The ContentMine Scraping Stack: Literature-scale Content Mining with Community-maintained Collections of Declarative Scrapers

Richard Smith-Unna and Peter Murray-Rust
University of Cambridge
{rds45, pm286}@cam.ac.uk

doi:10.1045/november14-smith-unna

Abstract

Successfully mining scholarly literature at scale is inhibited by technical and political barriers that have been only partially addressed by publishers' application programming interfaces (APIs). Many of those APIs have restrictions that inhibit data mining at scale, and while only some publishers actually provide APIs, almost all publishers make their content available on the web. Current web technologies should make it possible to harvest and mine the scholarly literature regardless of the source of publication, and without using specialised programmatic interfaces controlled by each publisher. Here we describe the tools developed to address this challenge as part of the ContentMine project.

1. Introduction

The need to mine content from the scholarly literature at scale is inhibited by technical and political barriers. Publishers have partially addressed this by providing application programming interfaces (APIs). However, we observe that many publisher APIs come with restrictions that inhibit data mining at scale, and that while only a few publishers provide APIs, almost all publishers make their content available on the web. With current web technologies it should be possible to harvest and mine the entire scholarly literature as it is published, regardless of the source of publication, and without using specialised programmatic interfaces controlled by each publisher. To address this challenge as part of the ContentMine project we developed the following tools:

We will demonstrate the use of this stack for scraping the scholarly literature.

2. Software description

2.1 scraperJSON

We defined a new JSON schema, scraperJSON, to enable declarative scraping of structured data from many different sites without duplicating code. A scraperJSON scraper minimally defines the url(s) to which it applies and the set of elements that it can extract. Elements can be extracted by CSS, XPath, or using the Open Annotation standard, and can be post-processed using regular expression capture groups.

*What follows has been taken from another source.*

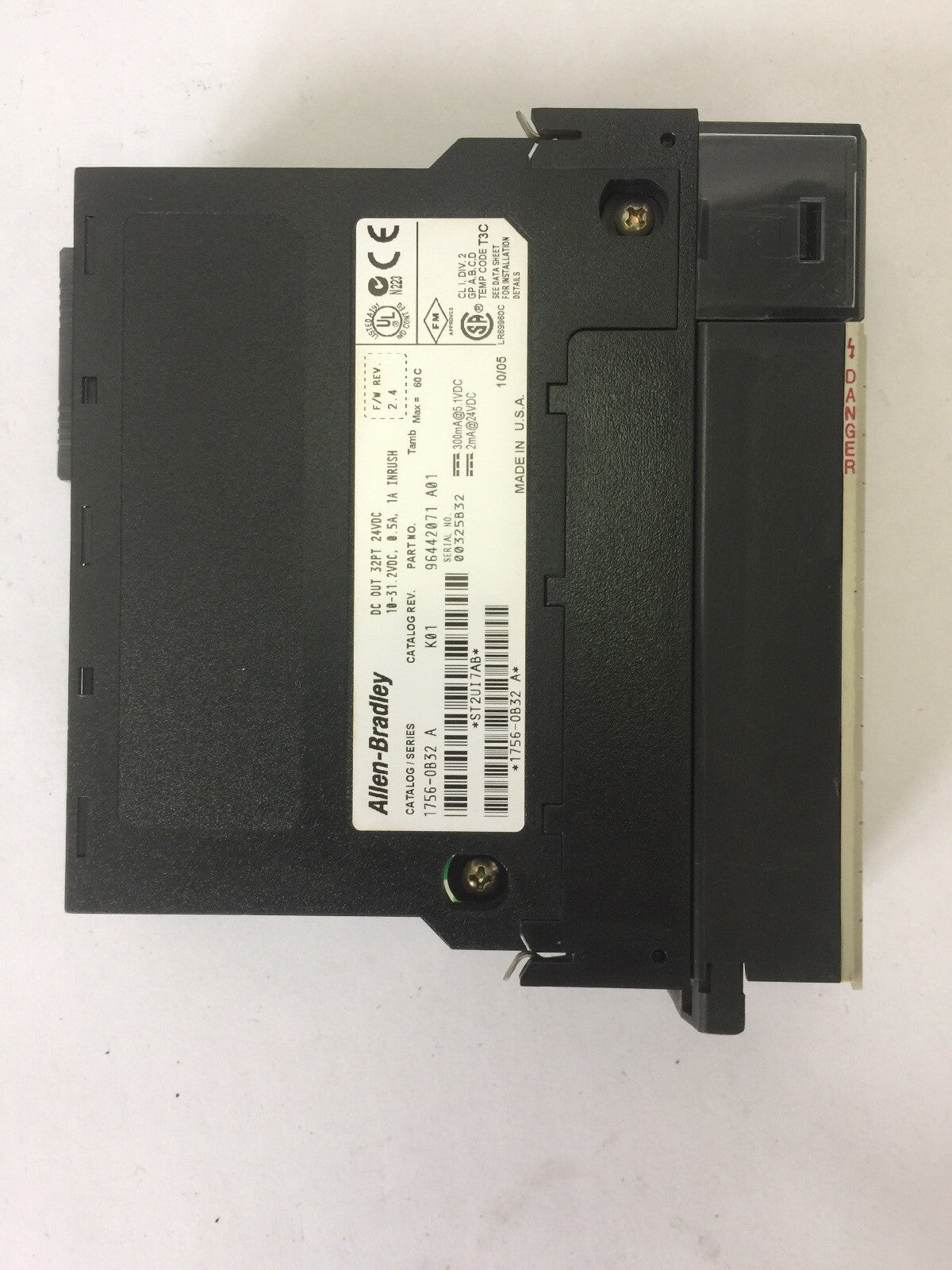ALLEN BRADLEY 1756-0B32 DC OUTPUT SER A  REV K01 DC OUT 32PT 24VDC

We chose to use JSON as the data format because it is widely supported and is the natural data format of JavaScript, in which our web apps and scraping software are written (via Node.js).

The declarative approach enables building tools to enable non-programmers to create and maintain scrapers. This is prohibitively difficult with existing scraper collections, such as that used by the open source reference-manager Zotero.

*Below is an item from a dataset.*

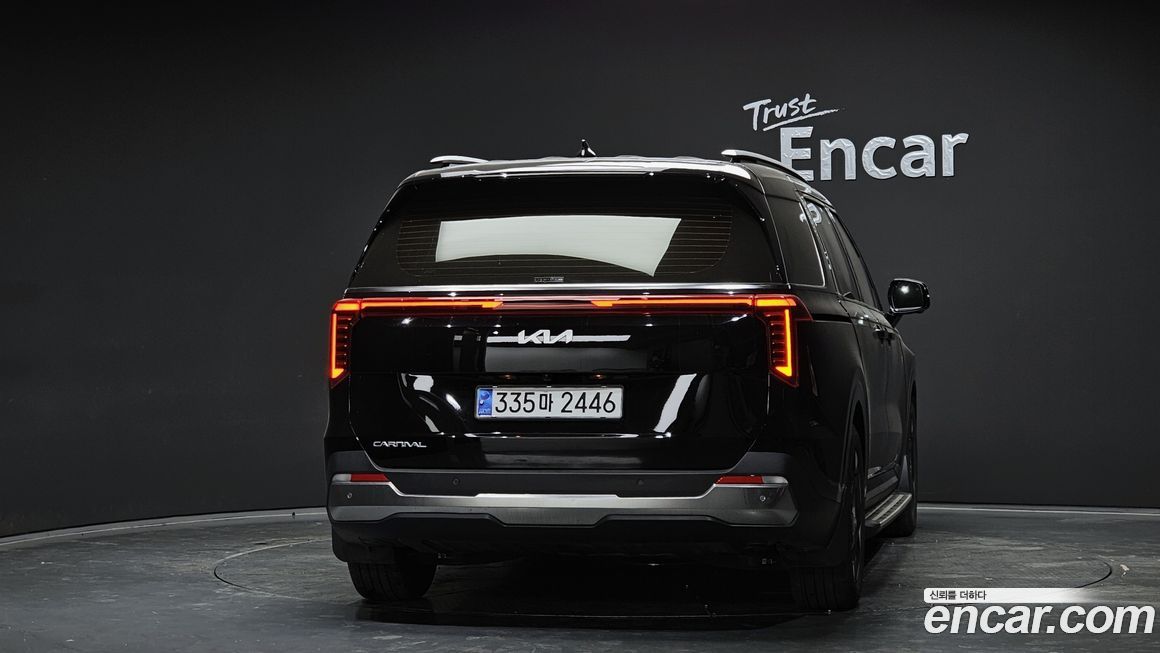 Kia Canival 2025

To our knowledge, only one open-source declarative scraping system, libKrake, exists. However, this software seems to no longer be maintained and did not support many of the features we require, such as simulated interactions and file downloads.

Many modern websites do not specify their content in the raw HTML served when a URL is visited, but lazy-load the content, for example by making AJAX calls. These loading events are triggered by user interactions such as scrolling and clicking. To enable to scraping of full content, we therefore added to scraperJSON the ability to specify a list of predefined user interactions.

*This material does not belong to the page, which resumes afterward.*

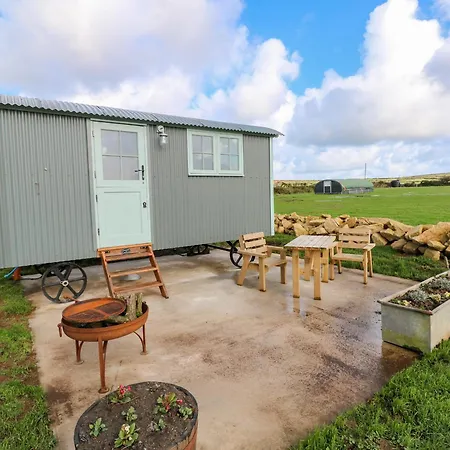 Lower Trewern Shepherds Hut Holiday home Penzance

The structure of the scraperJSON elements object defines the structure of the results. Thus, each key in the elements of the scraper will be reflected as a key in the elements of the results. Elements can contain other elements, so that the results of the child elements are grouped into objects reflecting the structure of the parent element. This allows powerful capture of structured data representing entities and their properties, such as the name, affiliation and email of an author.

When scraping the scholarly literature, it is usually of interest to download files such as fulltext PDFs and HTML, XML and RDF documents where available, and to capture full-sized figure images and supplementary materials. This feature is supported in scraperJSON: elements specifying URLs can have their target(s) downloaded and optionally renamed to a specified format.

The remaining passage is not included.